For me, there was not one specific inspiration; rather, I was simply drawn to the instrument. If there was a piano in the room, I would be there banging away as a toddler. I cannot explain my connection to music and the piano; it is instinctual and something I believe I was meant to do.
What was it like to win the Sydney Eisteddfod Allison/Henderson Piano Scholarship in 2014?
Winning the 2014 Sydney Eisteddfod Allison/Henderson Piano Scholarship was a fantastic feeling. I knew some of the other finalists and greatly appreciated their pianism, so I was humbled to have been chosen by the jury as the recipient of the scholarship. I also knew the scholarship would provide generous financial help to me as I progressed through the last years of my Bachelor at the Queensland Conservatorium, so I felt enormously grateful to Sydney Eisteddfod.
What lessons did you learn through competing at Sydney Eisteddfod?
The first time I competed in Sydney Eisteddfod in 2013, I actually exceeded the time limit by a minute or so. This occurred in the preliminary round of the Sydney Eisteddfod Allison/Henderson Piano Scholarship. As a result, I was disqualified, even though I received encouraging feedback from the judges. While I was a little disappointed in myself for losing the opportunity to compete in the final due to a very small error, I certainly learnt my lesson and ensured I was well under time limit in 2014!
After hearing so many of the other entrants in the 2013 and 2014 Sydney Eisteddfod Allison/Henderson Piano Scholarship, I realised how invaluable it is to have an independent voice. In both years, the standard was very high, and I believe the judges were looking for those pianists who approached their performances with a spiritual message.
What would you say to a young pianist that was thinking about entering Sydney Eisteddfod? What advice do you have to offer?
Go for it! There are so many different sections to enter in Sydney Eisteddfod that require a broad range of applicable repertoire, and the quality of venues and instruments is very high. As a result, Sydney Eisteddfod is a great way to obtain performance experience and feedback from adjudicators or audience members.
What was it like to compete in the Sydney International Piano Competition in July?

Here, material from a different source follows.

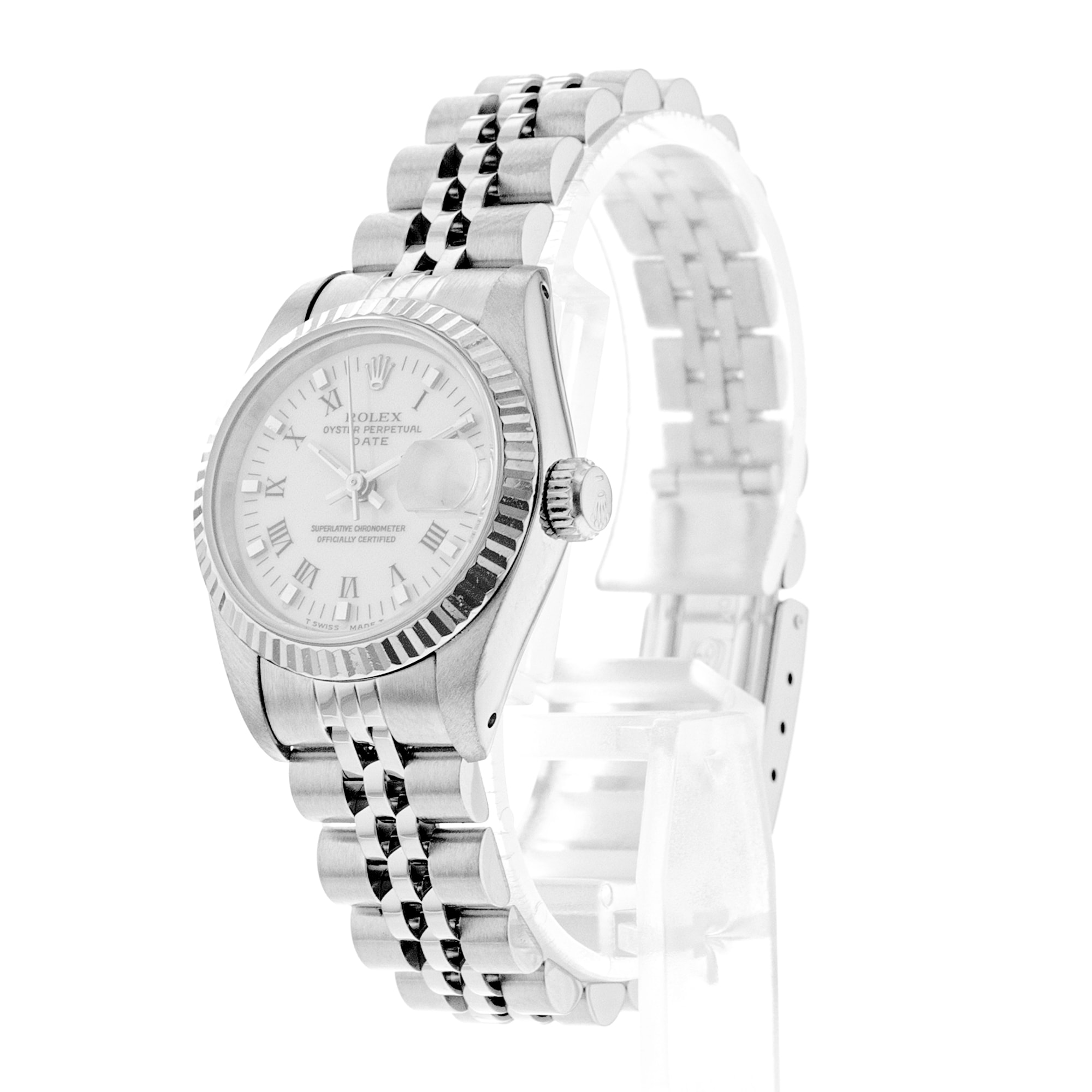 Rolex Datejust 26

Competing in the 2016 Sydney International Piano Competition was the best experience of my life to date. I felt truly inspired in my performances: I was surrounded by phenomenal pianists, performing in a beautiful venue and working with amazing pianos. It gave me the opportunity to meet many important people in the music industry, and the live broadcast meant my performances were heard across the world. There was no way I could have been disappointed in not progressing to the semi-finals, as I learned so much and gained a refreshed perspective of my future.
What Did you Do to PrePare For your performance?

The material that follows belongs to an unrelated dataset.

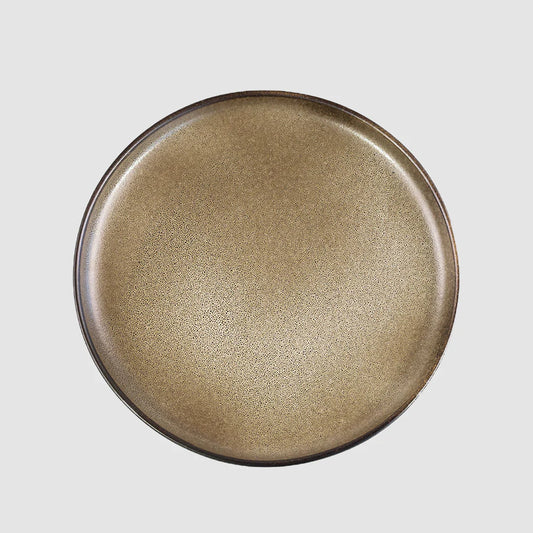 PLATO 21 CM GRES WAYU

At least six months before the competition, I began my preparations. Over the course of 2016, I learned some new repertoire, revised old repertoire, and maintained an entire programme of about three hours. In the final days before my two performances, when I arrived in Sydney and had settled in, I tried not to practise too much; rather, I focused on trusting my preparation and immersed myself in the competition environment, which was immensely exciting. Right before each performance, I meditated on the character and meaning of my repertoire, and pushed all negative thoughts aside, instead concentrating on the excitement of being one the lucky 32 competitors.
Which other performers do you most like to listen to, and why?
As a woman, I am very interested in hearing other female performers, chiefly because I can draw inspiration from them. I admire Martha Argerich enormously: she is a phenomenal pianist with almost super-human abilities. Yuja Wang is a particular inspiration for me. I really admire her confidence and feel it shows through in her playing. She is undoubtedly a role model for the younger female pianist. Sviatoslav Richter is also another favourite for me. His performances are edgy and electric: within Richter exists something supernatural.